WHAT IS REQUIRED: In your reply, print every line of the listing exactly and omit all images.

### SOURCE DATA ###

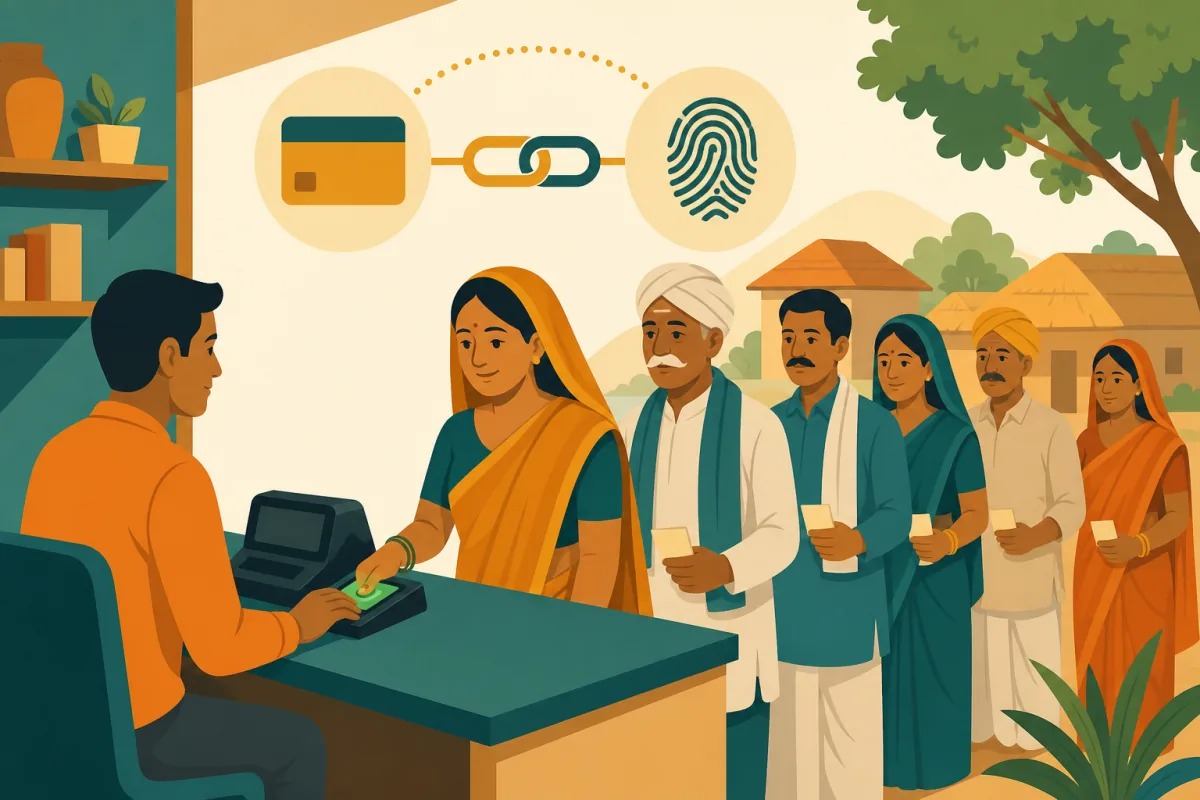 राशन कार्ड ई-केवाईसी कोटेदार POS पर करते हुए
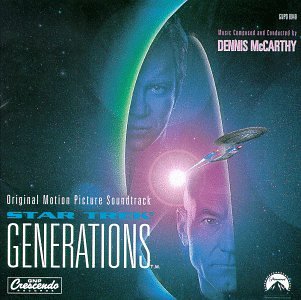 "Star Trek: Generations soundtrack CD cover featuring a spaceship and two men's faces."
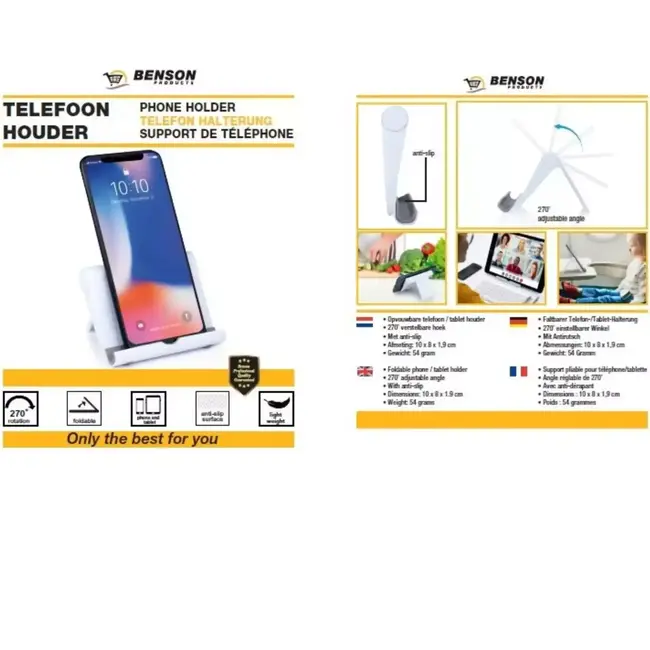 Benson Verstelbare telefoonhouder - 270° hoek - anti-slip - compact en opvouwbaar - zwart, grijs of wit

###

WRITTEN ANSWER:
 राशन कार्ड ई-केवाईसी कोटेदार POS पर करते हुए
 "Star Trek: Generations soundtrack CD cover featuring a spaceship and two men's faces."
 Benson Verstelbare telefoonhouder - 270° hoek - anti-slip - compact en opvouwbaar - zwart, grijs of wit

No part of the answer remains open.